_PROBLEM DESCRIPTION_. An exact copy of all the lines below is required, with every image left out.

_DATA PROVIDED_.

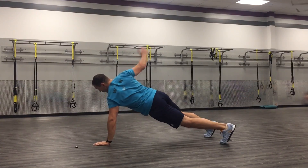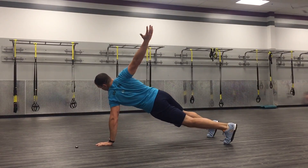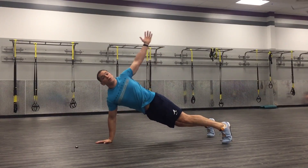Come down, alternate sides. You're going to keep your vision down on the hand that's holding you up on the ground, stabilizing you all through alternating shoulders.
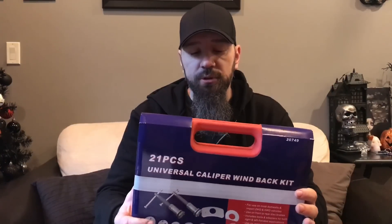Today I picked this up a couple of days ago — I picked it up on sale at KMS Tools. I've been in super need for one and it's the universal caliper wind back kit. This one I picked up from KMS Tools for 30 bucks; it was on sale, regular 70 bucks.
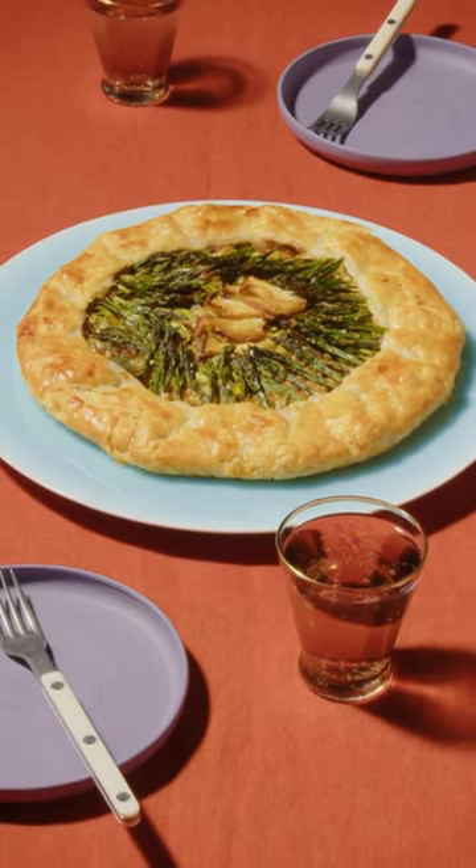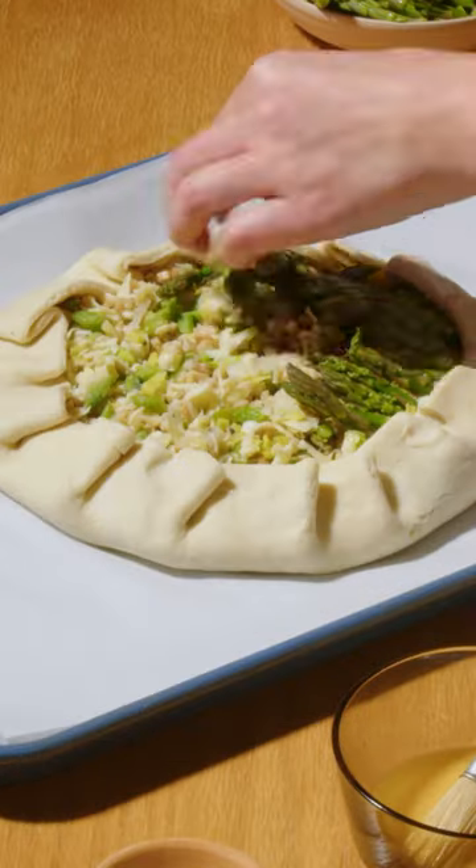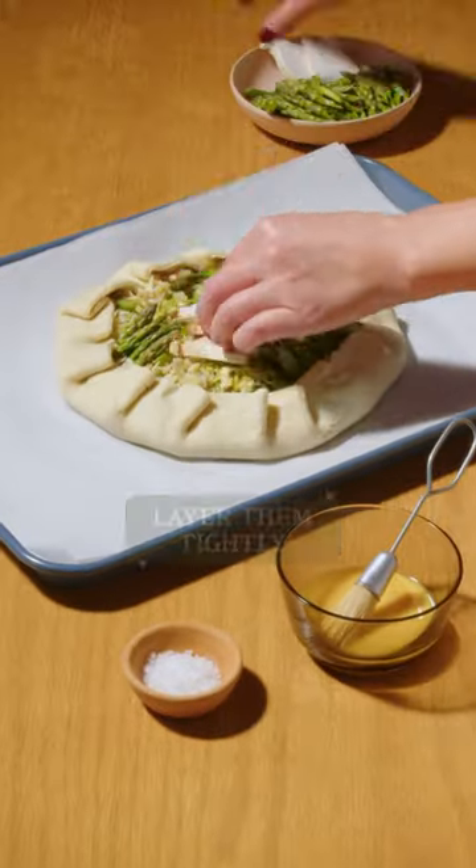Garden Galette, a savory play on a classic. Sliced mushrooms and asparagus are layered atop a crust. Vegetables lose moisture and shrink in size when heated, so layer them tightly.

_RESULT BELOW_.
Come down, alternate sides. You're going to keep your vision down on the hand that's holding you up on the ground, stabilizing you all through alternating shoulders.
Today I picked this up a couple of days ago — I picked it up on sale at KMS Tools. I've been in super need for one and it's the universal caliper wind back kit. This one I picked up from KMS Tools for 30 bucks; it was on sale, regular 70 bucks.
Garden Galette, a savory play on a classic. Sliced mushrooms and asparagus are layered atop a crust. Vegetables lose moisture and shrink in size when heated, so layer them tightly.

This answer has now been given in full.